*** Block opens ***

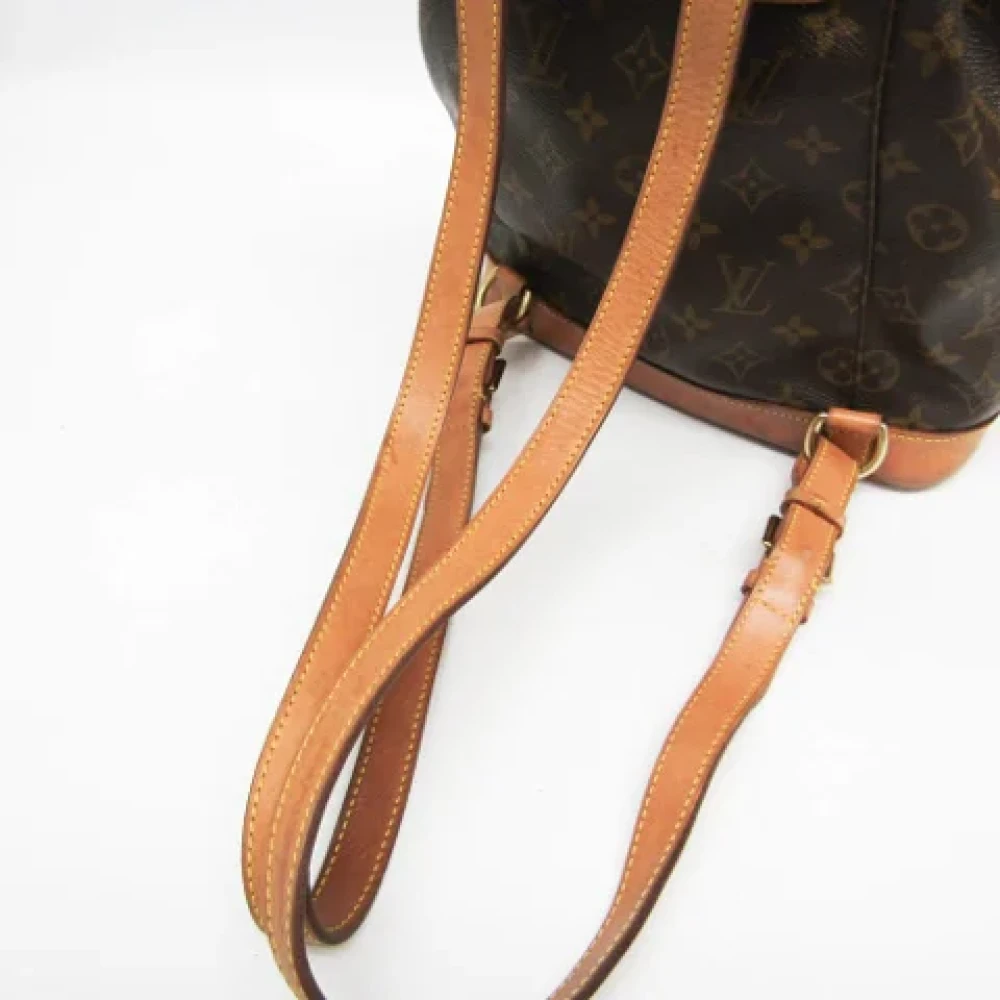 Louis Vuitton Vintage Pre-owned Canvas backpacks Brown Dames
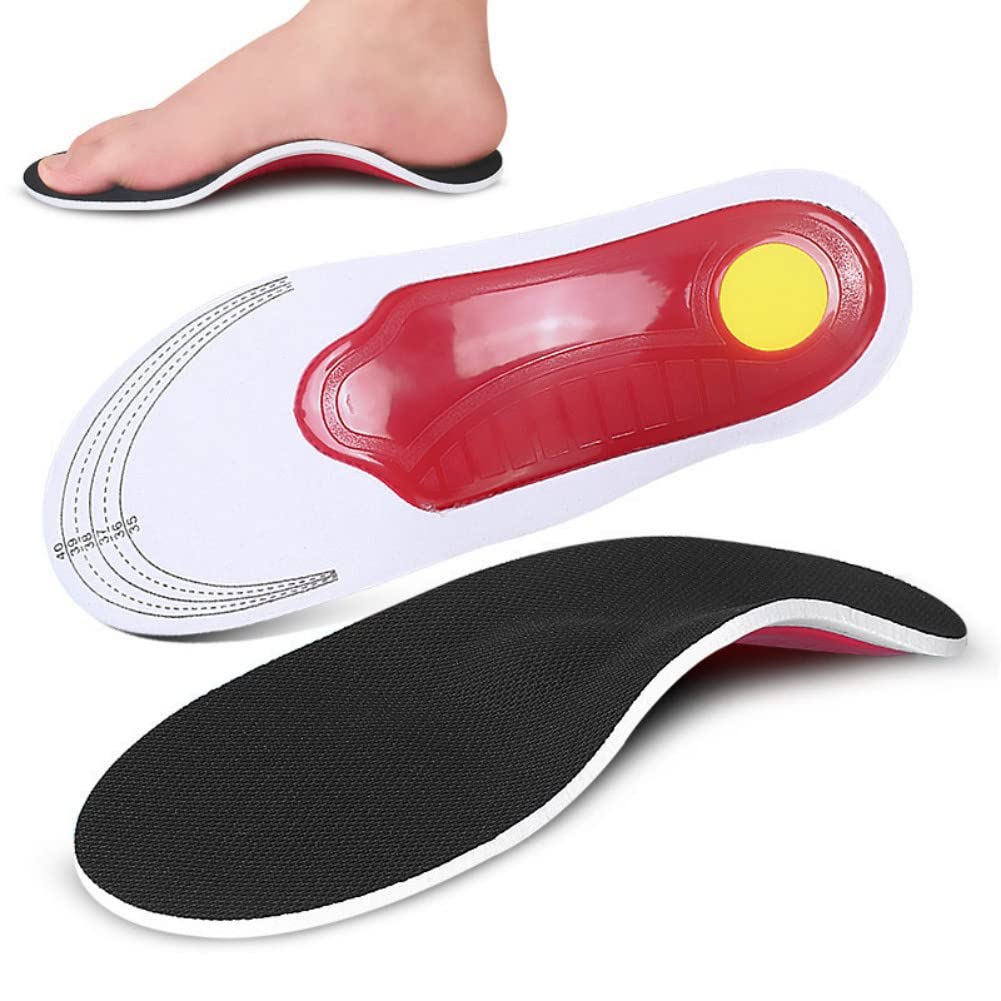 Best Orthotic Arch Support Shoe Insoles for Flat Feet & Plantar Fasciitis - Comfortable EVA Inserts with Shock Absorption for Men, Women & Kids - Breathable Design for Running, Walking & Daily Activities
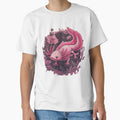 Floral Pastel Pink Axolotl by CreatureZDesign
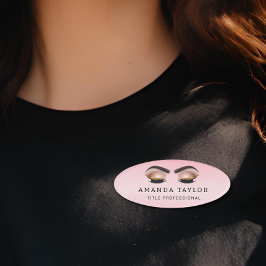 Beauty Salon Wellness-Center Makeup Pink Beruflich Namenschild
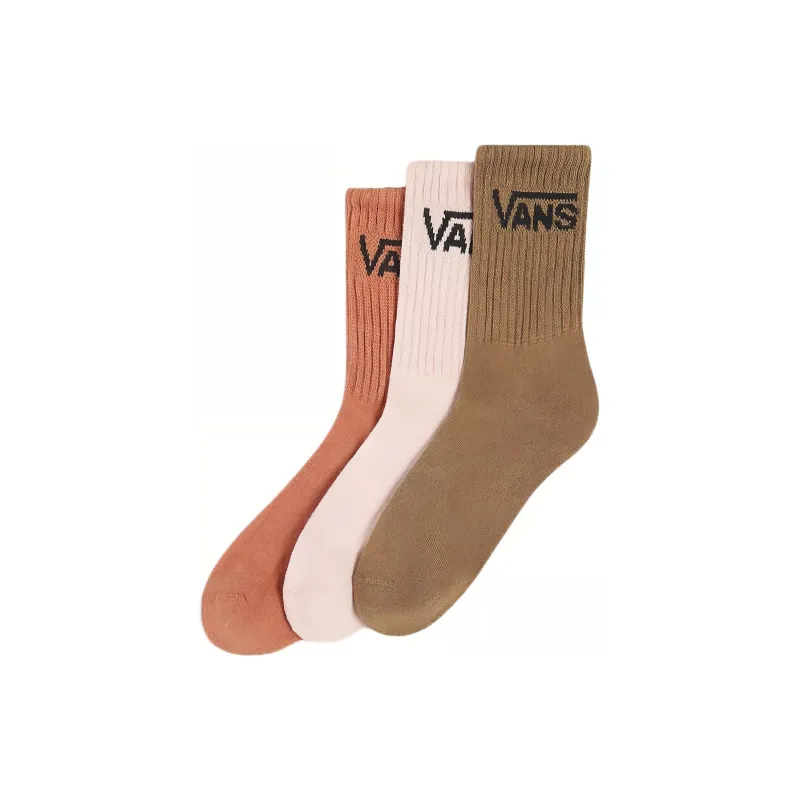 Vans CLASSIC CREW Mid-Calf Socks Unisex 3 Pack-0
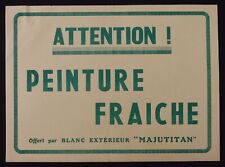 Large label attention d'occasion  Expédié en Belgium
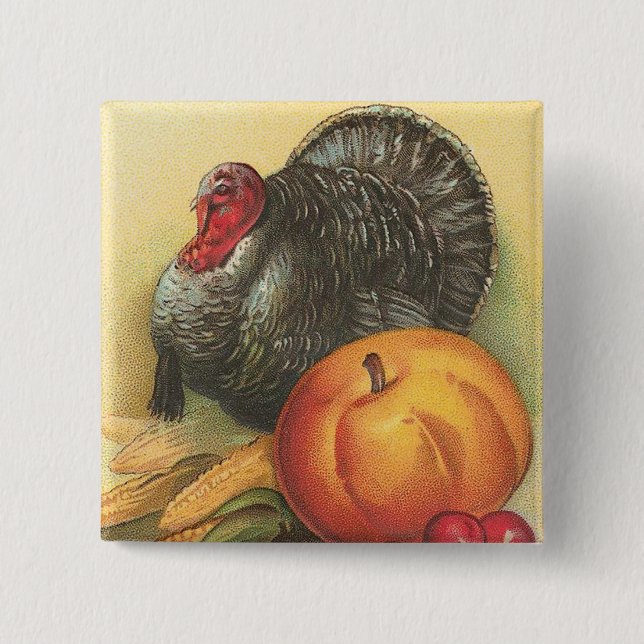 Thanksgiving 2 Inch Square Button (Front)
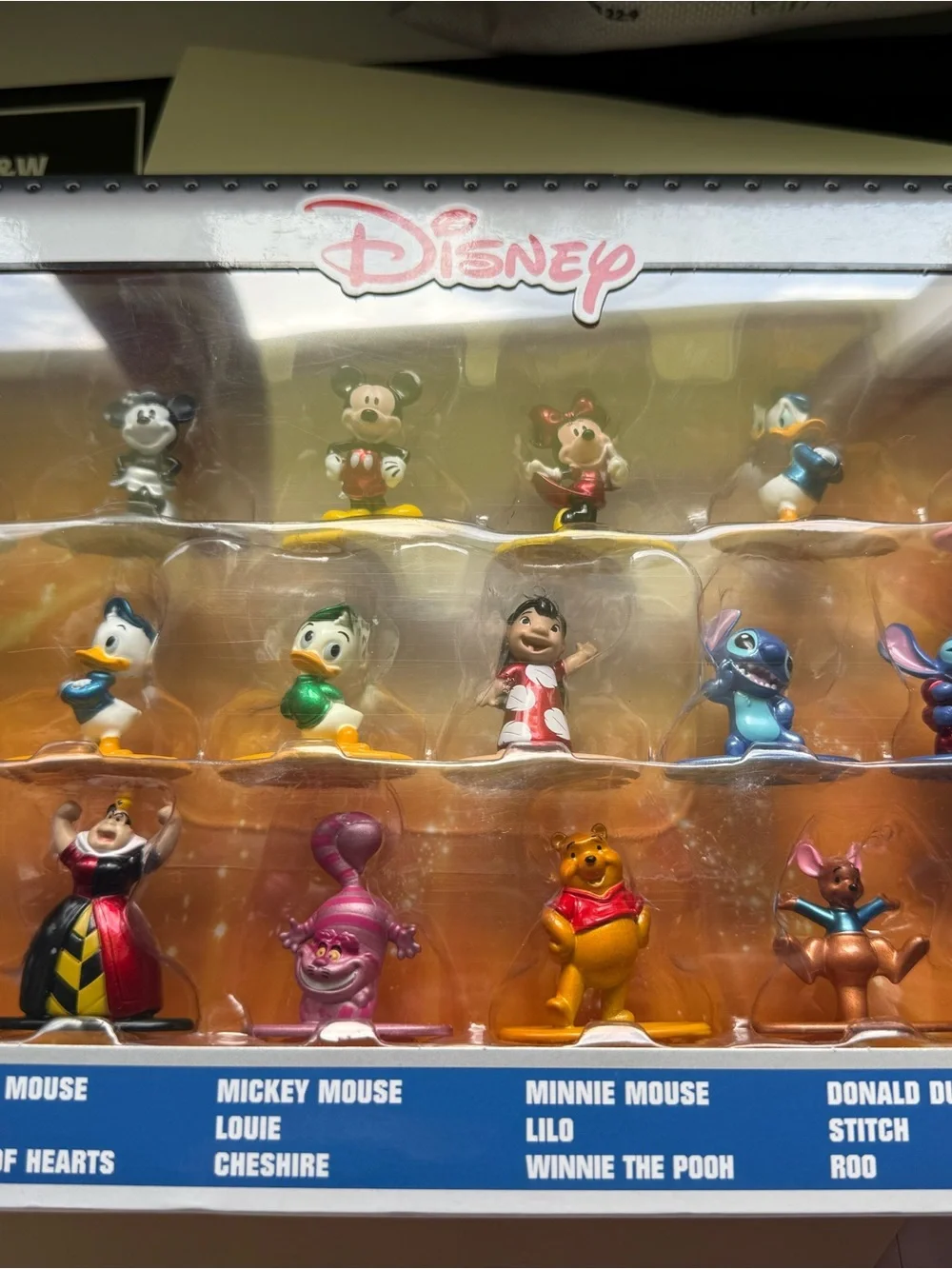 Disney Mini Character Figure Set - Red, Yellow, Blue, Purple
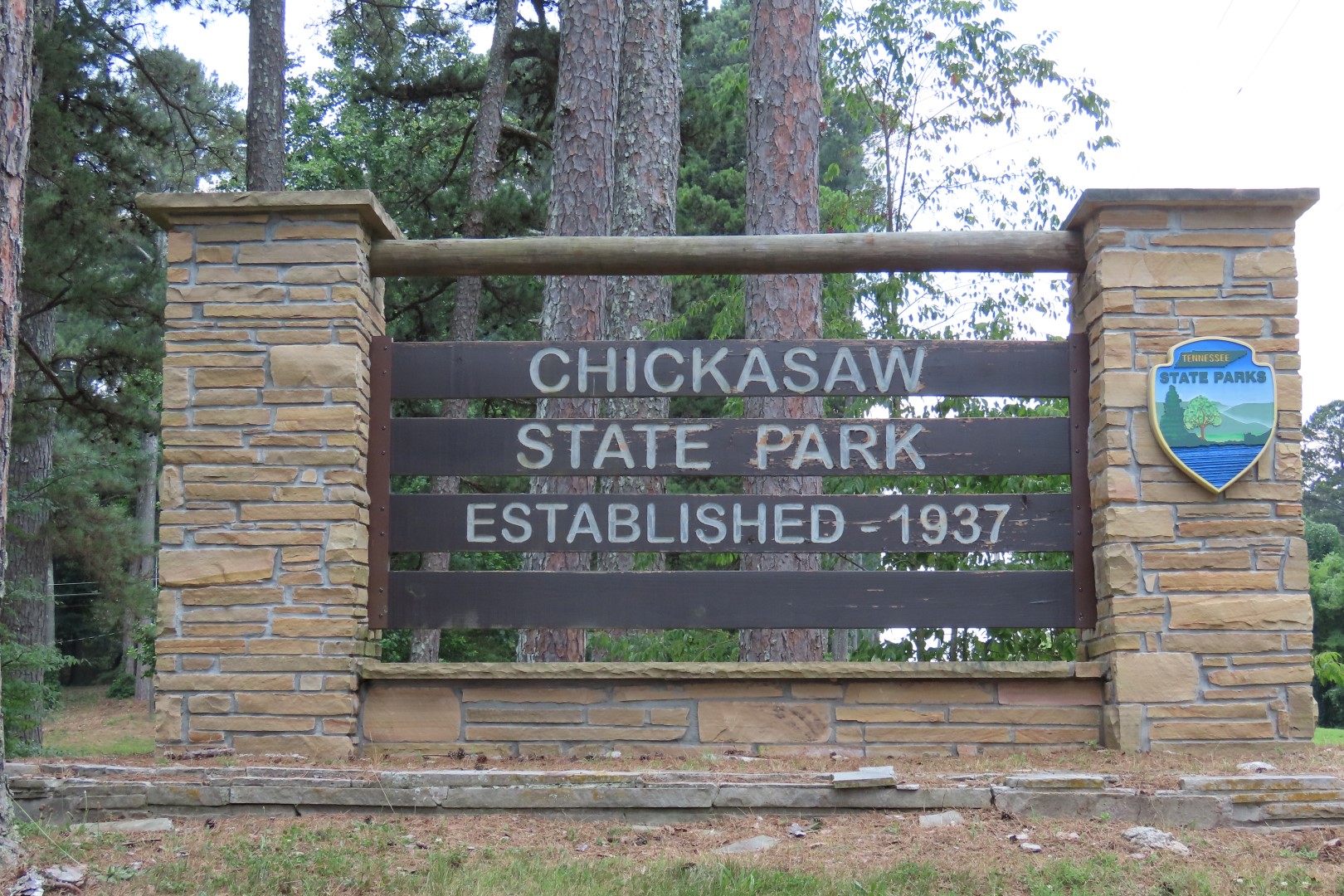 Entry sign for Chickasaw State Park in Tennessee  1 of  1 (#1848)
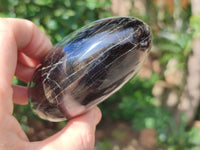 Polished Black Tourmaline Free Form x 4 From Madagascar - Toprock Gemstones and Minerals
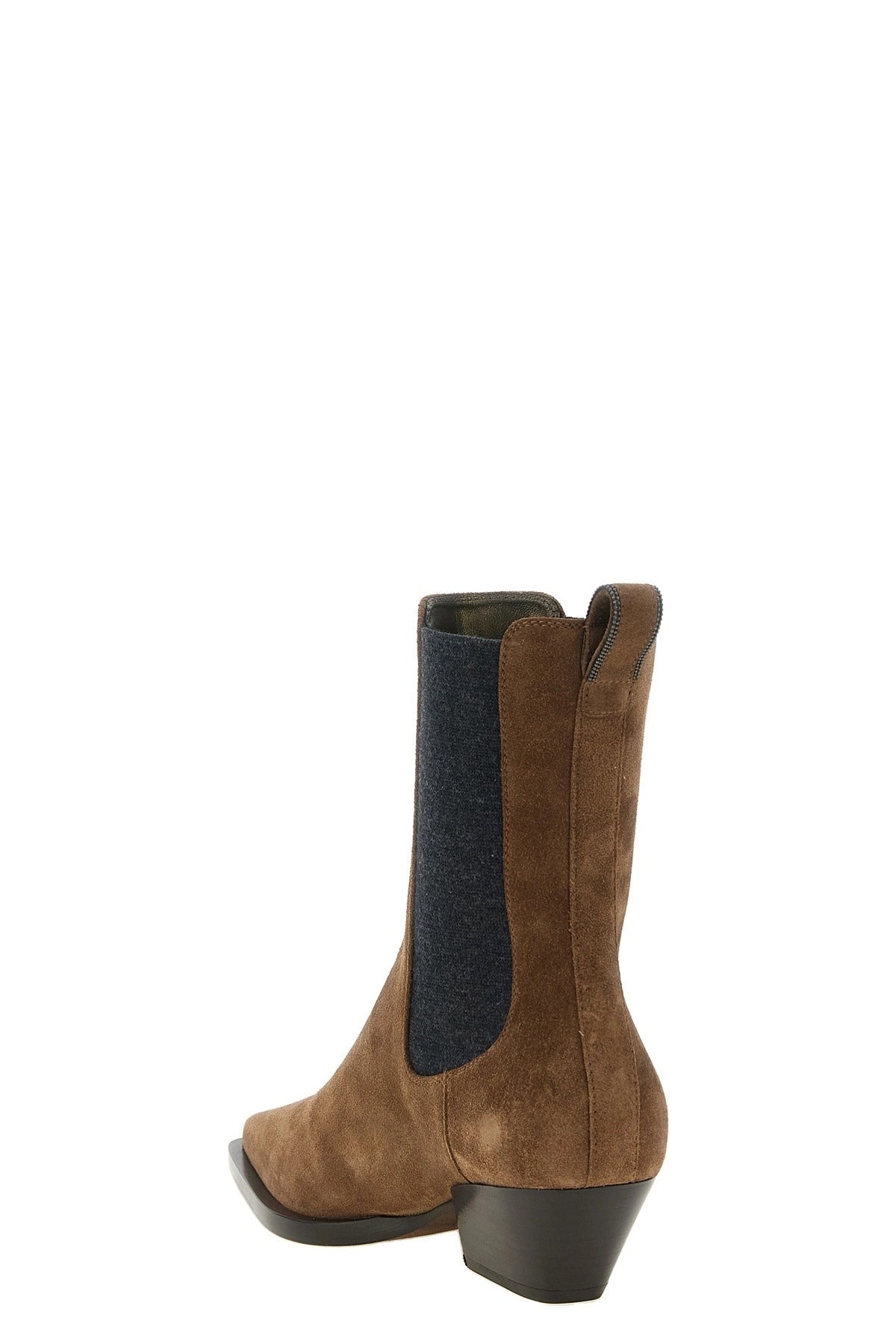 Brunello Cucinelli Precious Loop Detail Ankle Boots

*** Block closes ***

YOUR GOAL
Leaving out every picture, repeat exactly the lines of the records from the start through the line that has "Vans CLASSIC CREW".

ANSWER SPACE
 Louis Vuitton Vintage Pre-owned Canvas backpacks Brown Dames
 Best Orthotic Arch Support Shoe Insoles for Flat Feet & Plantar Fasciitis - Comfortable EVA Inserts with Shock Absorption for Men, Women & Kids - Breathable Design for Running, Walking & Daily Activities
 Floral Pastel Pink Axolotl by CreatureZDesign
 Beauty Salon Wellness-Center Makeup Pink Beruflich Namenschild
 Vans CLASSIC CREW Mid-Calf Socks Unisex 3 Pack-0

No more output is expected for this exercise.